Las Lecturas de hoy nos hablan de “agua”: agua en pleno desierto brotando de una roca y agua de un pozo al que Jesús se acerca para dialogar con la Samaritana. Pero más que todo, nos hablan de un “agua viva”, que quien la bebe ya no necesita beber más, pues queda calmada toda su sed.
¿Cuál es esa agua que mana de Cristo y que promete a cada uno de nosotros?
Es el agua viva de la Gracia, que es lo único que puede satisfacer nuestra sed de Dios. Por medio de la Gracia podemos vivir en intimidad con Dios, pues es Dios mismo viviendo en nosotros.
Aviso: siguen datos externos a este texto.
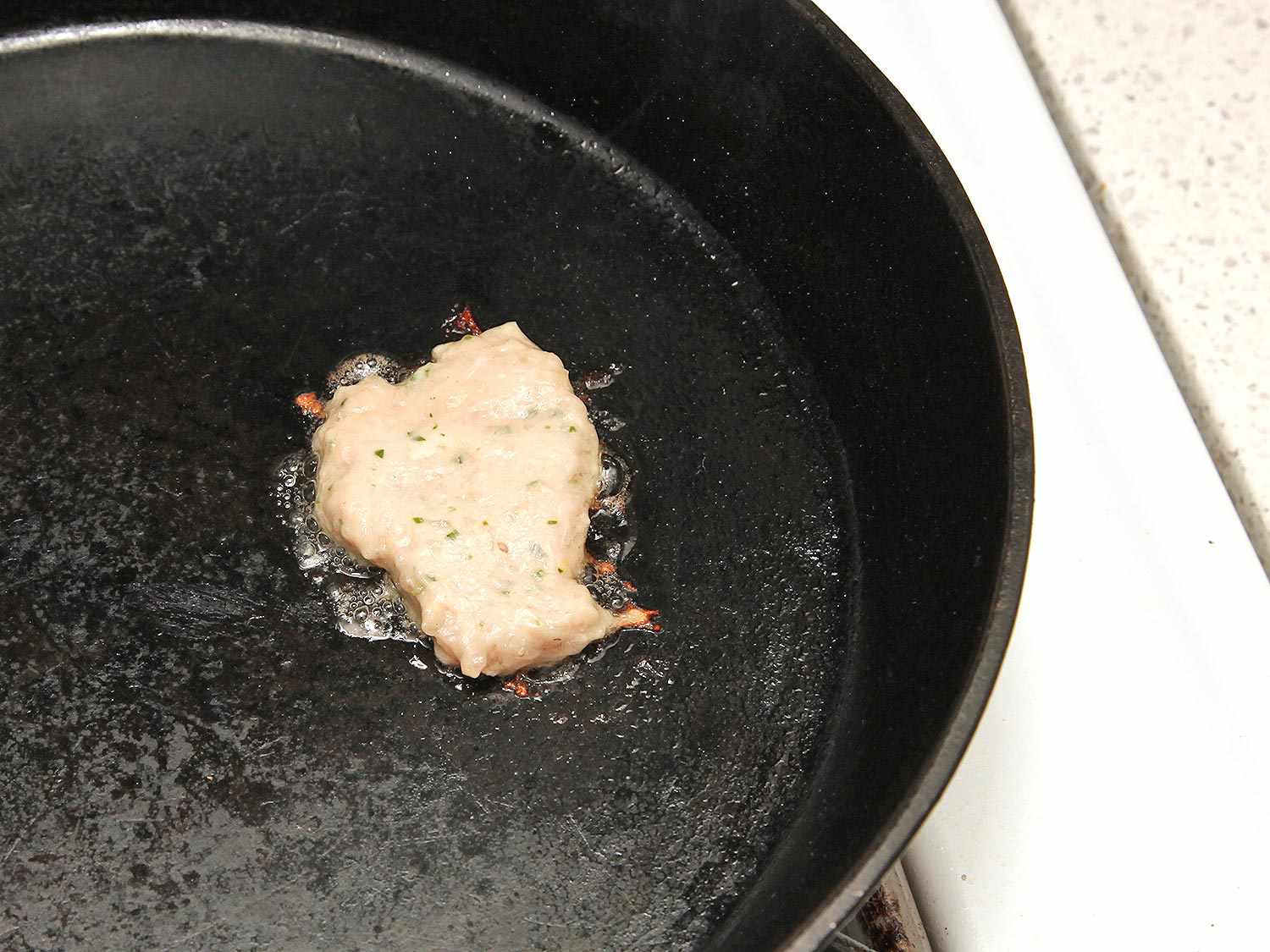 A small amount of the sausage forcemeat is cooked in a skillet to check seasoning levels.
Es Dios mismo ese manantial que, dentro de nosotros, no cesa de producir el “agua viva” que nos lleva a la vida eterna.
Pero ¡ojo! Ese manantial inacabable puede ser interrumpido por nosotros mismos cuando pecamos. Y, aun así, por otra gracia -gratis- adicional, esa fuente de agua viva que interrumpimos al pecar puede ser recuperada con el arrepentimiento y la Confesión.
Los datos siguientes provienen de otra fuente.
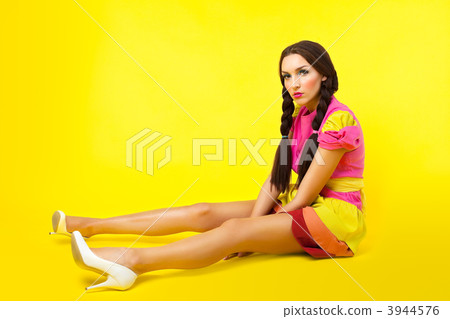 Funny girl in doll costume and make-up 3944576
En efecto, podemos cerrar ese manantial con el pecado. Es decir: o se está en gracia, o se está en pecado. Dios nos regala su Gracia, pero no en contra de nuestra voluntad. Necesita y requiere nuestra cooperación a la Gracia para que la Gracia haga su efecto; es decir, para poder santificarnos. La Gracia es como una semilla que necesita crecer con las respuestas positivas que damos a ese “don de Dios”.